Y as y besseae hybrids!


----------



## JeanLux (Jan 31, 2017)

Lucky Girl !?? Jean


----------



## terryros (Jan 31, 2017)

I think it must be Phrag Twilight 'Rising Rocket' 4N AM x Acker's Ballerina, which is Phrag Lucky Girl (registered Chuck Acker in 2016).

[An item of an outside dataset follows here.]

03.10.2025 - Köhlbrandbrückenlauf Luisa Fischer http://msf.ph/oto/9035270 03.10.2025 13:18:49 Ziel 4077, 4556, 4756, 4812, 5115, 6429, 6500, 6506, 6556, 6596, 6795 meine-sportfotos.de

Sent from my iPad using Tapatalk HD


----------



## Peru (Jan 31, 2017)

fantastic!


----------



## Erythrone (Jan 31, 2017)

wow!


----------



## Mark Karayannis (Jan 31, 2017)

Love it for its first flowering


----------



## Wamboozi (Jan 31, 2017)

Gorgeous color and shape!


----------



## NYEric (Jan 31, 2017)

If that's labeled correctly, it's much nicer than the one on her website! If I don't already have one, I may have to get one.


----------



## abapple (Feb 3, 2017)

*Third girl uo*



abapple said:


> First time bloom seedling. Have a few more in spike as well as one more open side by side to compare






Need input which one is best? I like my newest post


----------



## Migrant13 (Feb 3, 2017)

Both are good but I think I like the second one in terms of overall proportions (shape and symmetry are spot on). Color for both is excellent.


----------



## SlipperFan (Feb 3, 2017)

I agree.


----------



## Ozpaph (Feb 4, 2017)

they are both very pretty


----------



## SlipperKing (Feb 7, 2017)

2 or 3 plants? Any rate the last PIC unless it starts doing crazy things with the segments


----------



## abapple (Feb 7, 2017)

SlipperKing said:


> 2 or 3 plants? Any rate the last PIC unless it starts doing crazy things with the segments



When it opened everything was recoiled backwards, but within 2 days it went from the ugly duckling to the swan!


----------



## Achamore (Feb 8, 2017)

The colour as well as shape is fabulous. I like the first one the most, like a pink Don Wimber.


----------



## troy (Feb 8, 2017)

Sweet!!


----------